Monomeric BGLPfs with activities comparable to that of WT were obtained, demonstrating that the mutations used to convert the tetramer into the monomer did not cause any loss of enzymatic activity. However, the thermostability of the protein suffered. Nonetheless, the T_m values of the monomeric BGLPfs (approximately 75°C) are higher than those of mesophilic BGLs from the bacterium Clostridium cellulovorans, the fungus T. reesei and the termite Neotermes koshunensis (Jeng et al., 2011). Several factors responsible for the thermostability of proteins have been proposed as increasing numbers of crystal structures of proteins from thermophilic organisms have been reported. Examples include oligomerization driven by several subunits, the accumulation of ion pairs and hydrogen bonds on the protein surface, increasing hydrophobicity and packing density in the protein core, and an entropic effect caused by shortened surface loops or the introduction of proline residues into loops. We modified one of these factors: the oligomeric state. Below, we discuss the observation that the substitutive mutations exerted negative effects on thermostability.

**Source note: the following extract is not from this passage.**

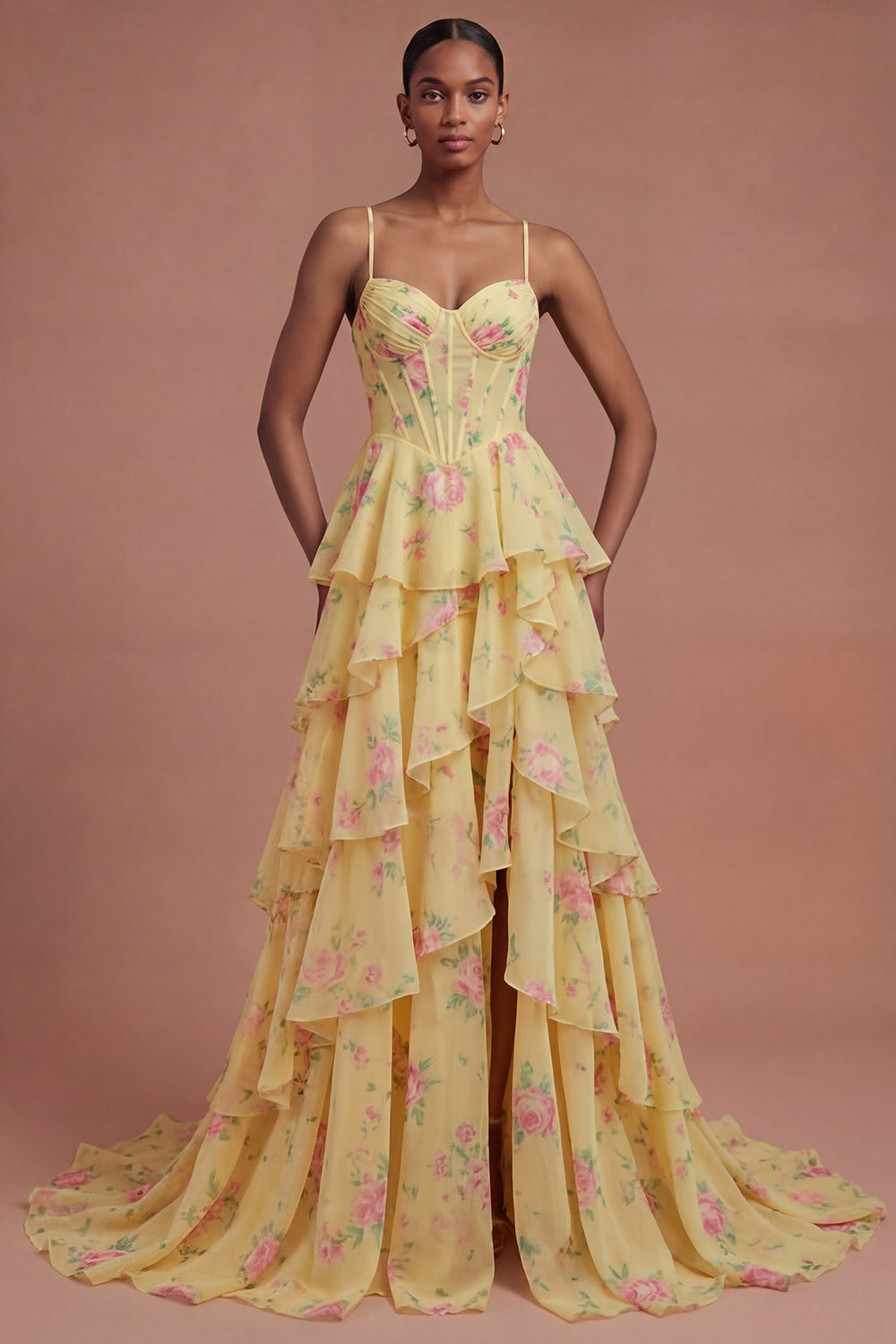 Leely Women Corset Yellow Floral Spaghetti Straps Long Prom Dress Backless Ruffled Evening Dress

Tetrameric BGLPf-WT derived from P. furiosus, an anaerobic bacterium that grows between 70 and 103°C, has a T_m of about 110 °C. Consequently, BGLPf-WT does not completely denature during boiling in denaturation agents. Dimeric BGLPf-M3 has a T_m value of about 100°C; this decrease in T_m is apparently caused by dissociation of the tetrameric state owing to the three substitutive mutations. A striking difference between BGLPf-M3 and monomeric BGLPfs (including the four substitutive mutations) is that the T_m of the monomers is between 73 and 75 °C.

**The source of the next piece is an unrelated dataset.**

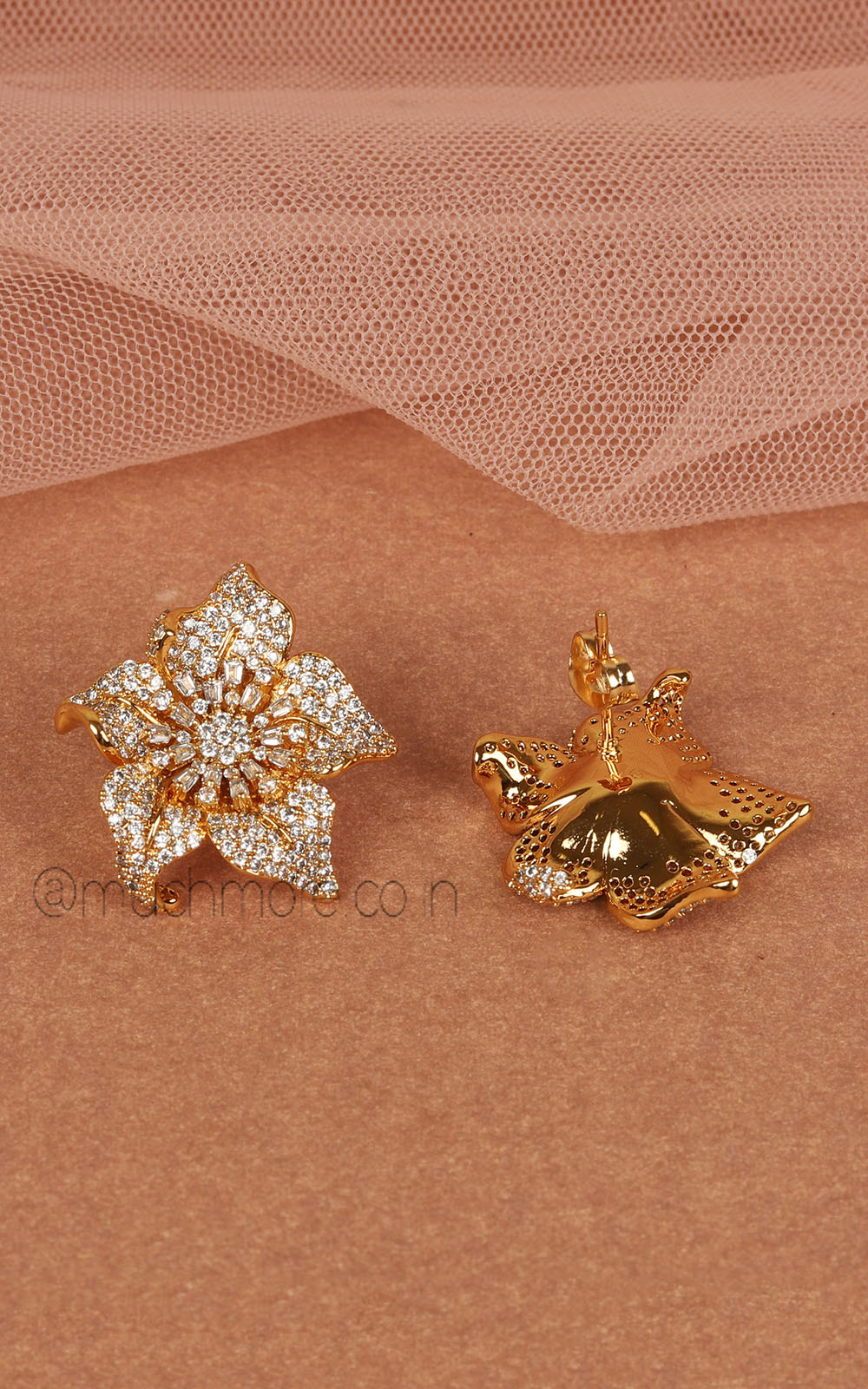 Latest Design Diamond Studded Gold Polish Earrings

The difference in T_m values between BGLPf-M3 and the monomeric mutants can be explained as follows. Inter-subunit contacts in BGLPf-M3 involve hydrophobic interactions mediated by Pro384, Pro442, Leu445 and Val446 and hydrophilic interactions mediated by Arg381, Tyr382, Arg448 and Glu449, as discussed above. The hydrophobic interactions in the centre of the dimer interface are retained in both the PQ and RS dimers, in contrast to the hydrophilic interactions in the solvent-exposed region, which are variable. Thus, dimer formation is not conserved amongst mesophilic BGLs (Jeng et al., 2011; PDB entries 3ahx , 3ahy , 3ahz and 3ai0 ): in these proteins the subunits are not tethered by hydrophobic residues which contribute to thermostability. The lack of such hydrophobic contacts would result in an altered T_m. While we previously predicted that oligomerization of BGLPf would increase its thermostability (Kado et al., 2011), this was verified by the experiments described above. Crystal structure determinations of monomeric BGLPs are under way and will allow us to design more thermostable monomers.